Prime Minister Donald Tusk said the crash was the most tragic event of the country’s post-World War II history.
The Polish delegation was flying in from Warsaw to mark the 70th anniversary of the Katyn massacre of thousands of Poles by Soviet forces during WWII.
The Tupolev 154 came in to land at 1056 Moscow time (0656 GMT) on Saturday morning.
Witnesses said the plane approached Smolesnk air base with its left wing pointing to the ground. It clipped trees as it came down and crashed, scattering debris across a forested area.
The deputy head of Russia’s air force said the pilots ignored repeated requests from air traffic controllers to divert the flight to another airport to avoid the heavy fog around Smolensk.
About 1.5km (0.9 miles) from the air base, air traffic controllers noticed the jet was below the scheduled gliding path, said Lt Gen Alexander Alyoshin.
Ground control “ordered the crew to return to horizontal flight, and when the crew did not fulfil the instruction, ordered them several times to land at another airport,” he added.
“Nonetheless the crew continued to descend. Unfortunately this ended tragically.”
Russian Prime Minister Vladimir Putin said he would personally oversee the investigation into the crash.
“Everything must be done to establish the reasons for this tragedy in the shortest possible time,” he said as he visited the crash site.
Mr Putin was joined by the late president’s identical twin brother, himself a former prime minister, and Mr Tusk to lay wreaths at the plane’s wreckage.
‘Beyond belief’
All bodies were recovered and were being taken to Moscow by helicopter for identification.
Russia’s Emergencies Minister Sergei Shoigu said both of the plane’s flight information recorders had been found and were being examined.
As well as the president and his wife, Maria, a number of senior officials were on the passenger list.
They included the army chief of staff Gen Franciszek Gagor, central bank governor Slawomir Skrzypek, Deputy Foreign Minister Andrzej Kremer and members of parliament.
“We are completely devastated and shocked,” Foreign Minister Radek Sikorski told the BBC.
“People have just been to church, to a mass, people are crying.”
He added: “We could not have conceived a more horrible, poignant, tragic occurrence than our president going to commemorate the 70th anniversary of the murder of 20,000 Polish officers at Katyn, himself dying with his wife, with the army commander, with parliamentarians, with the head of the national bank. It’s just beyond belief.”
Prime Minister Tusk said the business of government would continue.

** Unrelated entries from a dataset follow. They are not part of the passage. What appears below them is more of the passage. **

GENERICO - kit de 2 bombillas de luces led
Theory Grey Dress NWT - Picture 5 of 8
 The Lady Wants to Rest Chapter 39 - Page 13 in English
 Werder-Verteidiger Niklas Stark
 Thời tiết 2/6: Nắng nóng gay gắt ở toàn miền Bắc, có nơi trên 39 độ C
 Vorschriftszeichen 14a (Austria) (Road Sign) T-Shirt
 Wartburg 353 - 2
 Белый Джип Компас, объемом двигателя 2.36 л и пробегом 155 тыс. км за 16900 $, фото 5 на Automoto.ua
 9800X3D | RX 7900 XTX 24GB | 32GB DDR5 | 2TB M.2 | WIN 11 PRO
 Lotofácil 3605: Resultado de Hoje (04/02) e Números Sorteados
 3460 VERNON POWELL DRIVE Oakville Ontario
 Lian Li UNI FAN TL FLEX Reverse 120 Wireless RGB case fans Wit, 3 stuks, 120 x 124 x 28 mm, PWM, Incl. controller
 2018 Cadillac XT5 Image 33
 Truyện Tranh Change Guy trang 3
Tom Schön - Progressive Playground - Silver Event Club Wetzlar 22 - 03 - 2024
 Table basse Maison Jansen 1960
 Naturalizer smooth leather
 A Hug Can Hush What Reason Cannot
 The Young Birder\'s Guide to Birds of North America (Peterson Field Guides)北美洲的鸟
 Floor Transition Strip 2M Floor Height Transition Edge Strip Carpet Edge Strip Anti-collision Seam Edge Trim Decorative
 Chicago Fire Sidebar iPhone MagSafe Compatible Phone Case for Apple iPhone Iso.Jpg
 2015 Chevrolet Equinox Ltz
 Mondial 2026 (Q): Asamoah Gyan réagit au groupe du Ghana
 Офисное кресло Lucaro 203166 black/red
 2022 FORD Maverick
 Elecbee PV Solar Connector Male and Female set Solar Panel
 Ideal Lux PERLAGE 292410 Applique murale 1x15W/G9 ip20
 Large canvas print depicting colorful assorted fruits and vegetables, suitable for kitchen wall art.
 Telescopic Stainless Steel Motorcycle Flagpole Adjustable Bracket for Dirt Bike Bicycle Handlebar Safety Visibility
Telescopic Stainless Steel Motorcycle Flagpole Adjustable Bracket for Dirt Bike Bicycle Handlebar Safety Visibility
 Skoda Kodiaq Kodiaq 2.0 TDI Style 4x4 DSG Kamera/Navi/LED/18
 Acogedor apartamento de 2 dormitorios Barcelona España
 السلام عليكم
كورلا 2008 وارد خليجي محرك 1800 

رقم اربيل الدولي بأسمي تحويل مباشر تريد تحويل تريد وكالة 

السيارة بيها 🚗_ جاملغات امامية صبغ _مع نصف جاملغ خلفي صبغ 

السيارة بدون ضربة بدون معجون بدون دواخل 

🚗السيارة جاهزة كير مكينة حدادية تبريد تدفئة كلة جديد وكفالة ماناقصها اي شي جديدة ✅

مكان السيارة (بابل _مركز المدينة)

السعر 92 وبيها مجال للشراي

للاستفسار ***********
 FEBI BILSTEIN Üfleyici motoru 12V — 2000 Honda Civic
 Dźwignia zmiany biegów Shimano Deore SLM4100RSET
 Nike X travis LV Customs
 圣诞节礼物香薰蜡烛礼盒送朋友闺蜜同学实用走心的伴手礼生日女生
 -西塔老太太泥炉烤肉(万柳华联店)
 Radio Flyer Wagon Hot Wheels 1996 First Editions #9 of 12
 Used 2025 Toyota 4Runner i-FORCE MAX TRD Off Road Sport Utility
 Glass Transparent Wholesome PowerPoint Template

The parliamentary speaker, Bronislaw Komorowski, has now become the acting president.
“Today in the face of such a drama our nation stays united,” he said in a televised address.
“There is no division into left and right, differences of views don’t matter. We are together in the face of this tragedy.”
He said he would, according to Poland’s constitution, set the date for a presidential election after consulting with political parties.
The election must be held by late June, instead of the previously scheduled date of October.
Mr Komorowski is the presidential candidate for Mr Tusk’s ruling pro-euro and pro-free market Civic Platform party.
Previous scares
The president’s Tupolev 154 was a Soviet-designed plane that was more than 20 years old.
The BBC’s Adam Easton in Warsaw says there had been calls for Polish leaders to upgrade their planes.
Mr Kaczynski himself had suffered scares while using the plane in late 2008, when problems with the aircraft’s steering mechanism delayed his departure from Mongolia.
“Any flight brings with it a certain risk, but a very serious risk attaches to the responsibilities of a president, because it is necessary to fly constantly,” he was quoted as saying at the time.
But the head of Russia’s Aviakor aviation maintenance company told Russian TV the plane was airworthy, after his plant fully overhauled it in December.
World leaders including Mr Putin, US President Barack Obama, German Chancellor Angela Merkel and UK Prime Minister Gordon Brown offered their condolences to Poland.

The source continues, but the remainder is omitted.